> [What is being asked]:
Scan the entries below and say how many lines contain "prom". Write only the number.

> [Supplied records]:
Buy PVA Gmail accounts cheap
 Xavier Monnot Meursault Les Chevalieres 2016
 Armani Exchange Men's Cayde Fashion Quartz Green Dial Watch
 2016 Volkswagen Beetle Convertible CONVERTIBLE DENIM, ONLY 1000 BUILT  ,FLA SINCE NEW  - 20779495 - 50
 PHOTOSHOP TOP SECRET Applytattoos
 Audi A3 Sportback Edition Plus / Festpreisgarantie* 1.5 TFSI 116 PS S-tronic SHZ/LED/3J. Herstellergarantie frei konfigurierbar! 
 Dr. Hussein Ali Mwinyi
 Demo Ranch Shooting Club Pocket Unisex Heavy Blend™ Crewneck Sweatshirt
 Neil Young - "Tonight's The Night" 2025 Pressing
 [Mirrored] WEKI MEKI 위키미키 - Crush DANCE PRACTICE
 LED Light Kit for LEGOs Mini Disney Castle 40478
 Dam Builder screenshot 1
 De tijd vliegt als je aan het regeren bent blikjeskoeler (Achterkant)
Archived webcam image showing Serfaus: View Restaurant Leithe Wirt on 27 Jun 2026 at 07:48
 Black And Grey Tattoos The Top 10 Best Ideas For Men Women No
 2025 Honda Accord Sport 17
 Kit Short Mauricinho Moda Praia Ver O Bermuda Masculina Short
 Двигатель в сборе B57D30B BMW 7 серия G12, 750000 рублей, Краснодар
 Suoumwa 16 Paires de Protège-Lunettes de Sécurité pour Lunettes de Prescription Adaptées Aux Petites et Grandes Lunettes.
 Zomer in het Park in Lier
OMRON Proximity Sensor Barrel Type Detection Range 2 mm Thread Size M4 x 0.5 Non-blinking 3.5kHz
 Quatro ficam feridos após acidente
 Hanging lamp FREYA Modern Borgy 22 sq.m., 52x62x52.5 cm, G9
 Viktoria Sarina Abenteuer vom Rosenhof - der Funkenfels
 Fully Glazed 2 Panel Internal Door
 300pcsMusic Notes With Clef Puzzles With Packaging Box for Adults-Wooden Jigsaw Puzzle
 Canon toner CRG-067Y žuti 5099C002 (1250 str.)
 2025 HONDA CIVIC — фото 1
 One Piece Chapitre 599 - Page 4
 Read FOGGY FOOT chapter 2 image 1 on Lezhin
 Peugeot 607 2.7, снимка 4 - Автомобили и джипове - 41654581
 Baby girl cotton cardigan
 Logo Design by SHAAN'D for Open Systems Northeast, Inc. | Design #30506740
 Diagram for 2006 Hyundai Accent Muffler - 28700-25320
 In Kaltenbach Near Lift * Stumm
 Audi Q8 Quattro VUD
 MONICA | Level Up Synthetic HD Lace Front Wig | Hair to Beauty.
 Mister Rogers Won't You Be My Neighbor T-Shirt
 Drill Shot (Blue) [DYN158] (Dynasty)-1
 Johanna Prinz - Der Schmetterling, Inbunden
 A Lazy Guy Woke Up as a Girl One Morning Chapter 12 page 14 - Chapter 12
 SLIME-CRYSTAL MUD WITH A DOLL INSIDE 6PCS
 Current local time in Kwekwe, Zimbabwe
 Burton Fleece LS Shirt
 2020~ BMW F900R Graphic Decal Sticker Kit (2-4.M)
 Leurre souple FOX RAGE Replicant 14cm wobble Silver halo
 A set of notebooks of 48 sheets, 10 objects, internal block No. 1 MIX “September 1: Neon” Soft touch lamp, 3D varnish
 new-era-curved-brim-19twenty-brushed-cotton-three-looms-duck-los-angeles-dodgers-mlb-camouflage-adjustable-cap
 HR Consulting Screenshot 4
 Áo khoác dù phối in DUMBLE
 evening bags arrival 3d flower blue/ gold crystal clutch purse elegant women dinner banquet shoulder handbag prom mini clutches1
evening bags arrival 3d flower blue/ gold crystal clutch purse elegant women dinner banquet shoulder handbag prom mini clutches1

> [Answer for this exercise]:
2